The company committed its bottlers to do the same. Coca-Cola also said it will do sweeping social and environmental assessments across its supply chains beginning with Colombia, Guatemala and Brazil, then moving on to India, South Africa and other countries, and that it will publicly reveal its biggest sugarcane suppliers. 

PepsiCo and Associated British Foods (ABF), the two other targets of Oxfam’s campaign, have yet to address the issues highlighted by Oxfam’s report, Nothing Sweet About It.

What can I do about it?

Getting to grips with land grabs is possible. But for it to happen, effective global action is necessary.

You can act as a conscious consumer, and think about the products you buy, and the companies you support. The way you shop can be your way of telling companies what you think of their actions.

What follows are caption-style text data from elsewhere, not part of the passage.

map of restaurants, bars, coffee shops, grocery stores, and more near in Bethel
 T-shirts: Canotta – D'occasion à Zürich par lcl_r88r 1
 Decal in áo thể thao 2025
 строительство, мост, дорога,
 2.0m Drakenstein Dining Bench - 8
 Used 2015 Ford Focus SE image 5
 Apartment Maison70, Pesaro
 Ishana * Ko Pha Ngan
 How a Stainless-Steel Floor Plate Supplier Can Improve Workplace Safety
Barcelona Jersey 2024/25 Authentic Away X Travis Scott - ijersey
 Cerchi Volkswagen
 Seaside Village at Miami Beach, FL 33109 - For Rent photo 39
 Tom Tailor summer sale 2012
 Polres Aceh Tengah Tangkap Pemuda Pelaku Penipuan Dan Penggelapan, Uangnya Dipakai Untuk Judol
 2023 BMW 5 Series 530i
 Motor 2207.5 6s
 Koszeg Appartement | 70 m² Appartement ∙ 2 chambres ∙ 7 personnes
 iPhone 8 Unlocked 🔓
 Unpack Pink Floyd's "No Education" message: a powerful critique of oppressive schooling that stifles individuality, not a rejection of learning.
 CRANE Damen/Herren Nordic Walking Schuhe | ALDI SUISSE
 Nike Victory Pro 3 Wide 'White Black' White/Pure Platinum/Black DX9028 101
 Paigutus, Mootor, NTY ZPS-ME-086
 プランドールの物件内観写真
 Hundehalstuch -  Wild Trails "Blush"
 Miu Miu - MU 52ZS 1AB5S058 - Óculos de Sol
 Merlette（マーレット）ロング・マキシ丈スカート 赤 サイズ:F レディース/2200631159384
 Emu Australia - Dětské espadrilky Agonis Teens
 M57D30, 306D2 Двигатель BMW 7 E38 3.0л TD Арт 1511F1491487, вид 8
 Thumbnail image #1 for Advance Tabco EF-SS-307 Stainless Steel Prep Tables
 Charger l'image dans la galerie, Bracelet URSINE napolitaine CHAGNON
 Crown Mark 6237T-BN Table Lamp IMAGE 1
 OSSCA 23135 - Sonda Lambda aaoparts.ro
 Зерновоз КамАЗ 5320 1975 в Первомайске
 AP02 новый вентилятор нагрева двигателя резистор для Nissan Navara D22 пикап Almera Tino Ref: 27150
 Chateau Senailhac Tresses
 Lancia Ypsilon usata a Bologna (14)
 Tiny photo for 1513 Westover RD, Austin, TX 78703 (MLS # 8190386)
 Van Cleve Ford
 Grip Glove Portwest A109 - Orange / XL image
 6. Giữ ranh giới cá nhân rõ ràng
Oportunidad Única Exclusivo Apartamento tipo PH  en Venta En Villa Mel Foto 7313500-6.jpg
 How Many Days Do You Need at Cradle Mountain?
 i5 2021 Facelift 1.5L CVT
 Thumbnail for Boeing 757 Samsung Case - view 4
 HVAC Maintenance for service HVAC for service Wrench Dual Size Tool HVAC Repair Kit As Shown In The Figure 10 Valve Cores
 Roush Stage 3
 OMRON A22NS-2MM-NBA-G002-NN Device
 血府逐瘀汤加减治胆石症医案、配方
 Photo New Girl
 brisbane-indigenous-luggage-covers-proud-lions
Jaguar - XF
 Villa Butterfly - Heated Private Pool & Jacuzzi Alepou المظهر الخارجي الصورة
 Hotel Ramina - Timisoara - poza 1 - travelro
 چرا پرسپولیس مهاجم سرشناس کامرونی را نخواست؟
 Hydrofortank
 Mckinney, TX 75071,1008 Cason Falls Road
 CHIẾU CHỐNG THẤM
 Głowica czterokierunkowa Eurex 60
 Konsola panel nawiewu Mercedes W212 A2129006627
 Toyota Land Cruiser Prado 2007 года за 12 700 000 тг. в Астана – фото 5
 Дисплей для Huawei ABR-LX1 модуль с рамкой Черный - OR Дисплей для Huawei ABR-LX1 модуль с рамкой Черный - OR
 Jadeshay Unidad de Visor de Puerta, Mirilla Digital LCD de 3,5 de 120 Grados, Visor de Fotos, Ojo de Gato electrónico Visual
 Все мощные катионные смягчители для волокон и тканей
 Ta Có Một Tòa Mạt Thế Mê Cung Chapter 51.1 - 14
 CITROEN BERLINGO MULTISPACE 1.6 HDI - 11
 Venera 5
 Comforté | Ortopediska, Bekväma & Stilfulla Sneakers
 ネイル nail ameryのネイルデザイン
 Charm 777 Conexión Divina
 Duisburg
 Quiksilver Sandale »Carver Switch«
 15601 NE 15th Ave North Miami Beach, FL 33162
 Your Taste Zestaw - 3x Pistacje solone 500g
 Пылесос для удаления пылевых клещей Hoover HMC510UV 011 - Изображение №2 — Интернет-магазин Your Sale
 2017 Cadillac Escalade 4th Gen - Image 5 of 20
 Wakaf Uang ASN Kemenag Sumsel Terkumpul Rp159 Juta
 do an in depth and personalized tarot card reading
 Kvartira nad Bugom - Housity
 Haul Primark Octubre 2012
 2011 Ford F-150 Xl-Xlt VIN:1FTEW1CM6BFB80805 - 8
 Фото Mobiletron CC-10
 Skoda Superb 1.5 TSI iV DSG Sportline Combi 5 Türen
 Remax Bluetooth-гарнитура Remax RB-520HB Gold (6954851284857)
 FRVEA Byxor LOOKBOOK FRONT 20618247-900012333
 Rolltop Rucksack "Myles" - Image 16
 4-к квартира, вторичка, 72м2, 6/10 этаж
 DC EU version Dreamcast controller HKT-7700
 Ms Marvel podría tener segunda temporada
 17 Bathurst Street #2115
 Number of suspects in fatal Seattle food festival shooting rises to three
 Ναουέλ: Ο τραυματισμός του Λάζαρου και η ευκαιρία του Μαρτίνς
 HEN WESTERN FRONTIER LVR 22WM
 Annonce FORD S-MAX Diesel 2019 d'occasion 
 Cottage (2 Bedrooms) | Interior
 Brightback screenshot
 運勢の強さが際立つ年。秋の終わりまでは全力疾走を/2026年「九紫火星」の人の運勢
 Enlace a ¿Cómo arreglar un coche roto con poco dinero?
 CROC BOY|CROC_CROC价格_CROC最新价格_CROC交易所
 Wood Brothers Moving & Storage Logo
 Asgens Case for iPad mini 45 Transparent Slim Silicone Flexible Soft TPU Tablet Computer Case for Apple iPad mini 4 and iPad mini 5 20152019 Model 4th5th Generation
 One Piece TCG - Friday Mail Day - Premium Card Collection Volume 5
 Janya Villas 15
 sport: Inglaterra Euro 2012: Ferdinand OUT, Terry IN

You can check out Oxfam’s campaign Behind the Brands to see more about where your favourite foods come from, and at what cost to those in developing countries—and ask Coco-Cola, Pepsi, and Associated British Foods to help stop the land grabs.

Comments (1) Add New Comment
Countries like Saudi Arabia & Egypt have been leasing land in Sub Sahara Africa in blocks of One Half Million acres & up to One & a Half Million Acres just to plant crops (Rice) just for the purpose of exporting the food back to their own countries.

All local farmers are pushed off of the land, new roads are built just to transport the crops to new Ports that have been build just to aid in exporting the very food the Locals need.

Foreign workers are brought in to supervise and manage these ultra large fields.

The leases can be for up to 99 years and all the lease money goes to the very, very few at the highest level of the Local Government and Local Military.

Oh Yah - They also send a lot of weapons to the Local Military to help them keep the local population in check.

This is nothing but Colonialism on a grand scale - One thing that locals in most Third World Countries never have - Is a Legal Land Title to Land they and their Ancestors have lived on for Generations.